Telemetry, Metrics & Execution Transparency

Forge Pool exposes structured observability across the entire execution lifecycle.

Observability is not optional.

It exists to:

  • validate deterministic execution
  • detect anomalies
  • support replay and audit
  • monitor economic flow
  • enforce trust boundaries

Observability is divided into:

  • Control Plane Telemetry
  • Execution Plane Telemetry

1. Control Plane Observability

Control plane telemetry is exposed via HQ.

It includes:

  • project usage
  • job registry
  • credit accounting
  • identity events
  • policy configuration
  • token activity

Control plane answers:

  • Who executed?
  • Under what policy?
  • At what cost?
  • Under which identity?

2. Execution Plane Observability

Execution plane telemetry originates from:

  • Hub
  • Agents
  • Aggregation layer

It includes:

  • shard planning metadata
  • agent execution metrics
  • deterministic reduction logs
  • verification signals
  • replay metadata

Execution plane answers:

  • How was execution structured?
  • Which agents participated?
  • Was integrity preserved?
  • Can this run be replayed?

3. Job-Level Transparency

Each Job exposes:

  • job_id
  • Kernel workload (op.name, version, profile)
  • shard count
  • participating agents
  • execution duration
  • verification mode
  • replay seed
  • credit usage

In HQ → Jobs:

You can inspect:

  • execution timeline
  • shard distribution
  • reduction summary
  • replay metadata
  • billing record

Jobs are immutable once completed.

Immutability is foundational to audit integrity.


4. Shard-Level Telemetry

Each shard reports:

  • execution duration
  • hardware class (CPU / GPU)
  • partial result size
  • result hash
  • verification participation

Shard telemetry enables:

  • anomaly detection
  • performance profiling
  • reliability scoring
  • corruption detection

Shard metadata is bound to job context.


5. Agent-Level Metrics

Providers can monitor:

HQ → Providers → Nodes

Available signals:

  • online status
  • heartbeat freshness
  • shard throughput
  • verification participation ratio
  • latency distribution
  • hardware classification
  • credits earned

Hub tracks:

  • historical reliability
  • correctness ratio
  • tail latency behavior
  • scheduling weight

Reliable nodes are prioritized.


6. Scheduler & Tail Signals

Internally, Hub tracks:

  • queue depth
  • shard dispatch latency
  • tail latency outliers
  • rebalance events
  • agent health drift

These signals influence:

  • shard routing
  • verification intensity
  • workload distribution

This prevents systemic skew.


7. Replay Telemetry

Replay observability includes:

  • root seed
  • shard seed derivation
  • workload version binding
  • aggregation checksum
  • output hash

Replay metadata ensures:

  • forensic reconstruction
  • regulatory defensibility
  • reproducibility verification

Replay telemetry is part of the execution artifact.
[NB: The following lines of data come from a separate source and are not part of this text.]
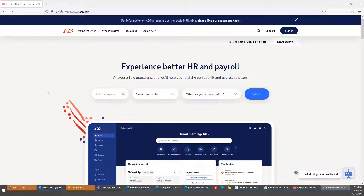Basically what it means is that instead of giving your direct email address to register, get a quote online, download an e-book, get a registration code for an event, or sign up for anything one-time where you know the company will use that email to promote stuff to you, spam you, or sell your email address to other databases — Plus Addressing gives you a lot more flexibility.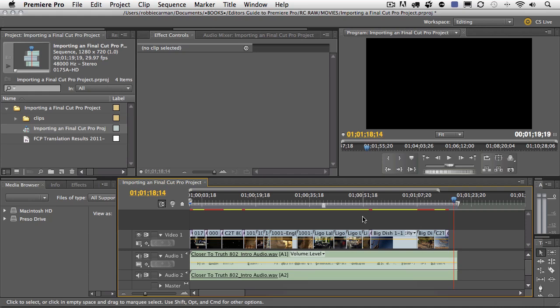And in this case, the translation actually seemed to work okay. I can go back and double check that issue here at the end of the sequence, but on first blush, everything seems to have translated just fine from Final Cut Pro to Premiere Pro.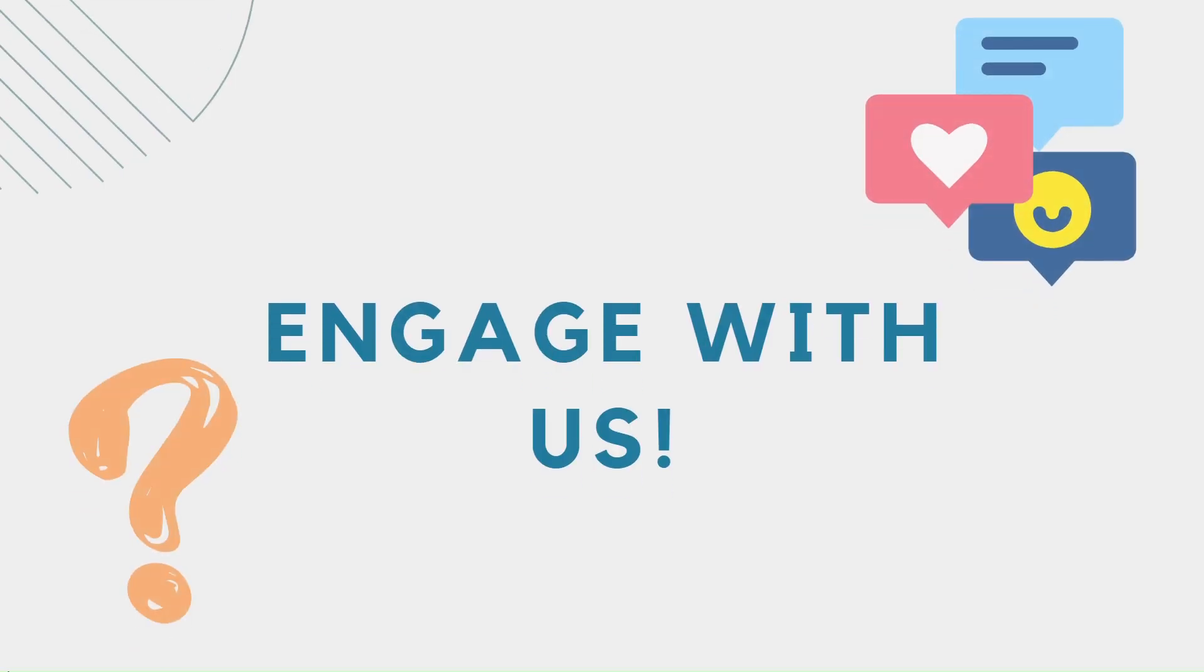Have you used correlated subqueries in your SQL projects? Share your experience in the comments.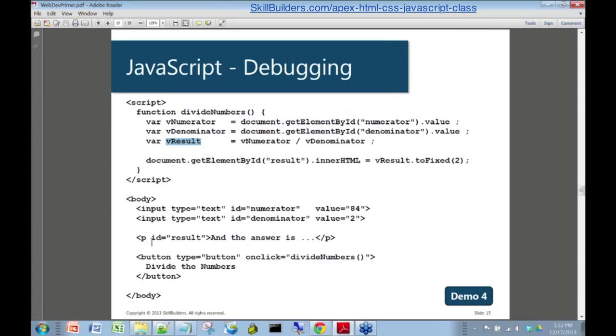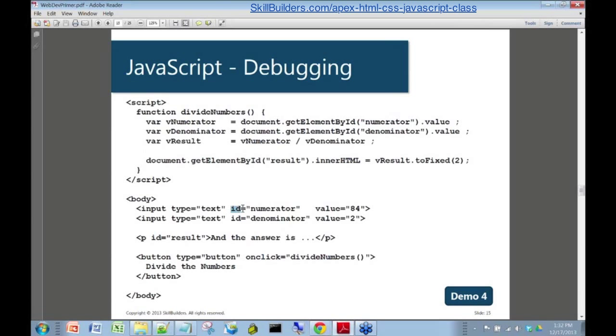Then you have some HTML down here, and you can see up here that when I get the value of the numerator into the variable, there's a little piece of syntax here that says get element by ID, and of course the ID is numerator. You can see I've got an input down here with this ID trick here so that the ID is numerator. That shows you how this ID business is used to tie the JavaScript to the HTML, a very important concept here.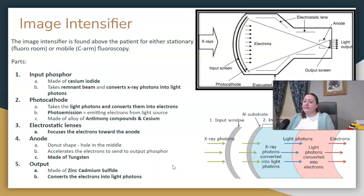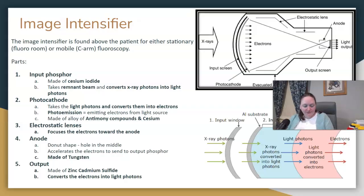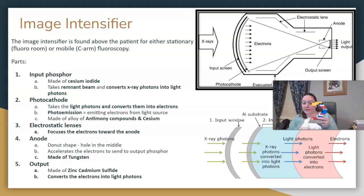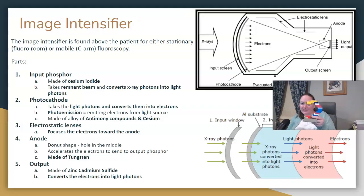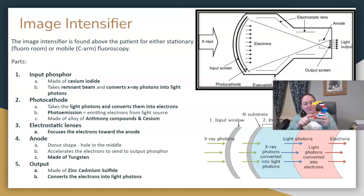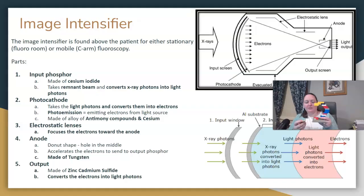How do we convert x-rays into an image we can see using the image intensifier? The image intensifier is going to be above the patient. Here is my LEGO C-arm that my husband and son built me for demonstration purposes. Your x-ray source is at the bottom, the image intensifier is at the top, and the patient on the OR table will be in the middle.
8. Studio Run Observability

Each Studio Run includes:

  • flow version
  • graph hash
  • job IDs triggered
  • execution timestamps
  • artifact references
  • final output snapshot

Run history is version-bound.

Flow reproducibility depends on deterministic adapters.


9. Credit & Economic Observability

Credits are recorded per:

  • job
  • shard
  • workload type
  • verification overhead
  • resource class

HQ exposes:

  • credit balance
  • historical burn rate
  • provider earnings
  • per-adapter usage breakdown

Economic observability aligns incentives with execution correctness.


10. Failure Visibility

When execution fails:

  • error code recorded
  • failure reason stored
  • partial shards marked
  • verification divergence logged
  • billing outcome recorded

Clients should log:

  • job_id
  • full request payload
  • response payload
  • retry decision

Failure telemetry supports root cause analysis.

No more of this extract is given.